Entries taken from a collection
..............................

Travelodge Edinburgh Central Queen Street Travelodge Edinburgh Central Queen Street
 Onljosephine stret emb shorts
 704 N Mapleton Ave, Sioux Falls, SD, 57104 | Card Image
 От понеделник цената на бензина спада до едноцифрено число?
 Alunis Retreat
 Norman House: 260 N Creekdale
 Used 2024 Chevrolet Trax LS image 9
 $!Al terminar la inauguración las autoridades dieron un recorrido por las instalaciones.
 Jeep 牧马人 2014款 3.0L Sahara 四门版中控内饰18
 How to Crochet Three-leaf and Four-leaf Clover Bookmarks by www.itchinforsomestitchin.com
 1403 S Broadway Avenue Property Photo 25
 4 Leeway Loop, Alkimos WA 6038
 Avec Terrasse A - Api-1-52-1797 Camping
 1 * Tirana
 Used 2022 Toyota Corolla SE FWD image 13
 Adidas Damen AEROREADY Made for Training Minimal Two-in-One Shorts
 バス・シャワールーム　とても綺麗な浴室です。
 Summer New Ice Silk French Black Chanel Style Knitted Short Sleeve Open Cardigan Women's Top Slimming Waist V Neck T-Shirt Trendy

..............................

* **Required action**: Set down each record again, exactly as written.

* **Answer for this exercise**:
Travelodge Edinburgh Central Queen Street Travelodge Edinburgh Central Queen Street
 Onljosephine stret emb shorts
 704 N Mapleton Ave, Sioux Falls, SD, 57104 | Card Image
 От понеделник цената на бензина спада до едноцифрено число?
 Alunis Retreat
 Norman House: 260 N Creekdale
 Used 2024 Chevrolet Trax LS image 9
 $!Al terminar la inauguración las autoridades dieron un recorrido por las instalaciones.
 Jeep 牧马人 2014款 3.0L Sahara 四门版中控内饰18
 How to Crochet Three-leaf and Four-leaf Clover Bookmarks by www.itchinforsomestitchin.com
 1403 S Broadway Avenue Property Photo 25
 4 Leeway Loop, Alkimos WA 6038
 Avec Terrasse A - Api-1-52-1797 Camping
 1 * Tirana
 Used 2022 Toyota Corolla SE FWD image 13
 Adidas Damen AEROREADY Made for Training Minimal Two-in-One Shorts
 バス・シャワールーム　とても綺麗な浴室です。
 Summer New Ice Silk French Black Chanel Style Knitted Short Sleeve Open Cardigan Women's Top Slimming Waist V Neck T-Shirt Trendy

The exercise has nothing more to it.